ComByte, Inc.
- Type: Private
- Industry: Computer hardware
- Founded: 1993; 33 years ago in Fort Collins, Colorado, United States
- Founders: Edwin L. Harper; Michael L. Wash; John Moinester;
- Defunct: March 1, 1996; 30 years ago
- Fate: Dissolution
- Products: Doubleplay
- Number of employees: 50 (1996, peak)

= ComByte =

ComByte, Inc., was a short-lived American computer hardware company active from 1993 to 1996 and based in Fort Collins, Colorado. The company marketed the Doubleplay, a combination tape drive and 3.5-inch floppy drive that uses commodity QIC tapes while reading floppy disks twice as fast as standard floppy drives. The company's founders previously worked as executives for Colorado Memory Systems before that company was acquired by Hewlett-Packard in 1992. Doubleplay faltered in the market, and ComByte voluntarily dissolved in mid-1996.

==Foundation==
ComByte, Inc., was founded in 1993 in Fort Collins, Colorado, by Edwin L. "Ed" Harper, Michael L. Wash, and John Moinester. All three co-founders had previously worked as executives for Colorado Memory Systems (CMS), a manufacturer of quarter-inch cartridge (QIC) tape drives based in nearby Loveland, Colorado. On the day before CMS was scheduled to go public on the stock market, Hewlett-Packard announced its acquisition of CMS in full, terminating the initial public offering. This came to Moinester and Harper's chagrin, with Harper recollecting: "We were both significantly disappointed. Our goal was to have a public company". Rather than work under the auspices of Hewlett-Packard, the two decided to form their own company with venture capital.

Moinester and Harper raised an undisclosed amount of start-up capital from Carman Ventures, a Boulder-based investment firm. The two spent its first year in stealth mode before announcing its first product, the Doubleplay, in October 1994, unveiling it to the public at COMDEX/Fall in Las Vegas the following month.

==Doubleplay==
The Doubleplay was a combination QIC tape drive and 3.5-inch floppy drive, available as both an external unit that connected to a PC via a parallel port connection; and as an internal unit that fit within a 5.25-inch drive bay. The Doubleplay uses commodity QIC tapes (chiefly the QIC-80 format) while reading floppy disks twice as fast as standard 3.5-inch floppy drives, up to 1 Mbit. The twofold increase in transfer rate over ordinary floppy drives stems from the floppy drive sharing the same motor as the tape drive's transport. By minimizing Doubleplay's total component count, ComByte's designers claimed they were able to market the drive below the cost of a floppy drive and tape drive, while also increasing the mean time between failures compared to using a floppy drive and a tape drive separately.

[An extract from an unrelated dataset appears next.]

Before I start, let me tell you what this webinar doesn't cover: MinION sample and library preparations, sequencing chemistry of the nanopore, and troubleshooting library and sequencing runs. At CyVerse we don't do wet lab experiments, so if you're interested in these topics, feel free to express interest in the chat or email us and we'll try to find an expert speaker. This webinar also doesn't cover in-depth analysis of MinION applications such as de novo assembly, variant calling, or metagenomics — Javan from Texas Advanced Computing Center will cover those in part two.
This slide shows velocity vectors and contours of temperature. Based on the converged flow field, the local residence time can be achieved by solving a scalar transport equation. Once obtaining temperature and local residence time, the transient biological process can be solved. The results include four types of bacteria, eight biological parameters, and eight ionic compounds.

The QIC-80 tapes that the Doubleplay supports, meanwhile, can store up to 420 MB of data using 2:1 data compression. The Dataplay's floppy drive supports both double density and high density 3.5-inch floppy disks. The internal Doubleplay connects to a PC via a single ribbon cable to the floppy connector on the motherboard; alternatively, ComByte offered an accelerator card to which the Doubleplay connects, enhancing performance of the tape drive. The double-speed floppy drive feature requires a special device driver included on a floppy disk packaged with the Doubleplay.

==Collapse==
The Doubleplay was slated for a January 1995 release, but production of the drive suffered from numerous setbacks. It was finally released in the first week of September 1995 through mail order and retailers. It received positive reviews in the national press. Computer Gaming Worlds Loyd Case wrote that the double-speed floppy drive "works like a charm", noting that the installation of games across multiple floppy disks "takes noticeably less time", albeit "it still seems like a long wait, because we've been spoiled by the quickness of CD installs". PC Magazines Jamie M. Bsales recommended the internal unit, writing that "you get traditional tape storage, and you don't have to sacrifice a valuable bay or tolerate the painfully slow throughput of an external parallel-port drive".

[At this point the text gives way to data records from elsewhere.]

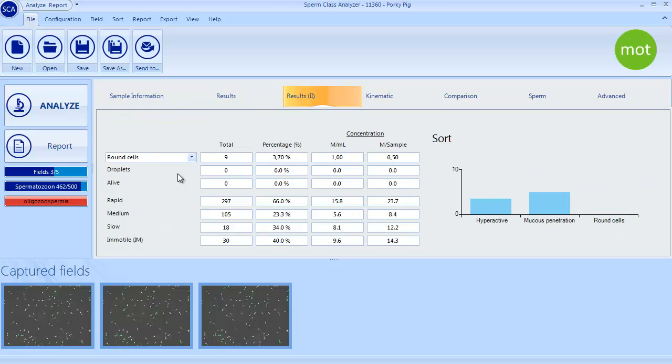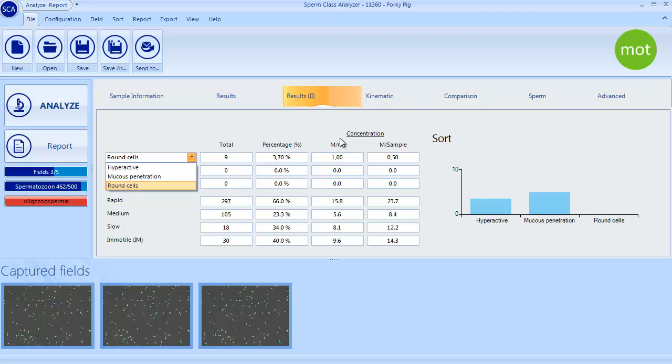Additional Results tab presents the classification of several groups created by the user as hyperactive, mucus penetration, or round cells.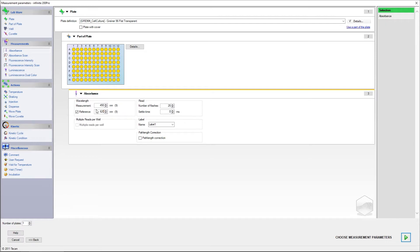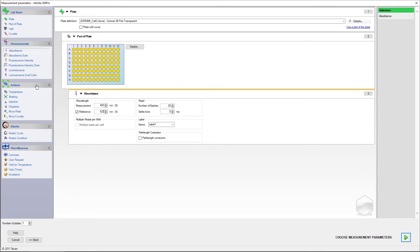Define other measurement parameters such as shaking, settling times, or plate movements according to your assay protocol. Click Choose Measurement Parameters to enter the Magellan method wizard.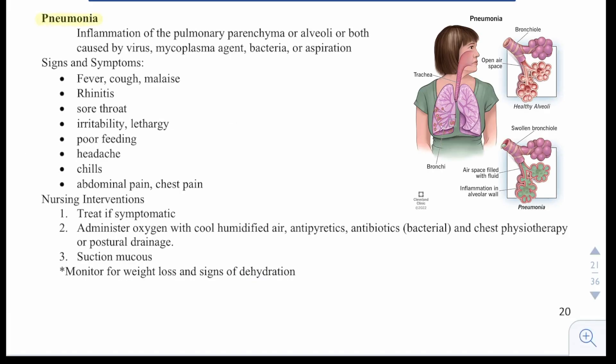Then we have pneumonia — inflammation of the pulmonary parenchyma, alveoli, or both. It's caused by virus, mycoplasma agent, bacteria, or aspiration. Signs and symptoms include fever, cough, malaise, rhinitis, sore throat, irritability, lethargy, poor feeding, headache, chills, abdominal pain, and chest pain.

The Doubleplay suffered from low adoption, however, owing to rapidly falling costs of QIC tape drives and floppy drives by the start of 1996. ComByte's management requested another round of investment from Carman Ventures in order to ramp up production of the Doubleplay to lower its sale price, but the latter were unwilling to flush ComByte with more capital, deeming the Doubleplay a failure. A principal at Carman reflected at the time: "It was not anticipated the bottom would fall out as precipitously as it did in terms of price". On March 1, 1996, by which point the company had 50 workers on its payroll, ComByte's board of directors petitioned to pull out Dataplay off the market and voluntarily dissolve the company. Immediately following ComByte's dissolution, Harper went on to become the president of SyQuest Technology, a manufacturer of cartridge disk drives based in Silicon Valley.